PD’s first few weeks with us were difficult.
While we had agreed that PD would be an inside dog, we had not agreed to let him sleep in our bed. We had bought a crate for PD to call home. The books we had read had advised that crate training your dog was a good thing. The crate gave the dog a “safe place” to go when things got scary.
So, the first night, we put PD in the crate and we went to bed. The plan was to keep the crate in our room, so that PD would know that he had not been abandoned. We also knew we would be getting up out of bed a couple of times to take him out.
He began to cry. We tried to ignore him for a little while. I felt sad for him. This poor little puppy spending his first night without his mom or litter mates. And by this time we had realized he was younger than they had told us.
I slept on the floor.
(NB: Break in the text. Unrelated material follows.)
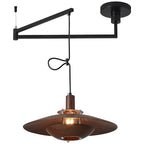 Suspension déportée soucoupe effet bois et bras noir, Ø 40 cm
Next to his crate. With my arm in the crate.
PD tried to nurse on my arm. Now I was really sad. PD had not even been properly weaned, and he had been taken away from home way too early.
PD and I bonded quickly. I’m pretty sure he believes I’m his mother, now.
One of the sad consequences of his young age was that we probably were not feeding him the proper food. PD developed vomiting and diarrhea in the first few weeks. I’m not sure if this was because he wasn’t ready to digest the food we fed him, or if it was a reaction to some of the shots he had. He got really sick. The vet was able to help us, and we were able to keep poor PD alive. I sometimes refer to PD as our “miracle dog” because he has been near death several times, and always survives against the odds.
PD never really learned how to be a dog. I’m sure there are a lot of doggy lessons out there that his mother just didn’t have time to teach him.
But he did learn how to attach himself to me. I took PD to work with me and kept him in a crate in my office under my desk. How strange this must have seemed for my counseling clients. I’m sure they could hear him move around and see his little bright eyes shining out from behind the crate door. Only one client ever asked me about what was in the crate.
I had a small pen built for PD so that I could let him go outside for a little exercise, and as a place he could go to take care of business.
PD quickly took up residence in my heart and in Wife’s heart. We bought him stuffed toys to snuggle on and to play with. That was fine for a while. But PD would also try to suckle them. And then he developed the disturbing habit of humping on them.
Before we bought PD, we had read a couple books on raising dachshunds. One of the books suggested we get down on the floor to get an idea of what the house looked like from a dachshund’s point of view. There wasn’t much he would be able to reach. We knew that ramps would be coming into the house to help him up on the couch.
I began to wonder about house breaking PD. We lived in an old house on pier and beam. The house sat about four feet above the ground. The steps were really tall. And PD was really short. We figured that we would just carry him up and down the steps until he got tall enough to climb the steps himself. But before he could go outside, PD had to let us know that he wanted to go outside. I wasn’t at all sure how he would communicate his needs to us.
I shouldn’t have worried. PD, it turns out, is a great communicator. He quickly figured out that outside is where we wanted him to do his business. Then he learned how to knock on the door. Really! PD would go to the door, and scratch or knock. If the door was partly opened, it would bang against the door frame, and it sounded like he was knocking to be let outside. PD can also open doors if they are partially open. He’ll use his paw or nose to get the door open. If he knocks, and no one lets him through the door, he knows to escalate to the next level. PD barks. One thing about being an only puppy, you get used to getting all of the attention. And you get used to having your way.
Is PD spoiled? Oh dear, what have we done?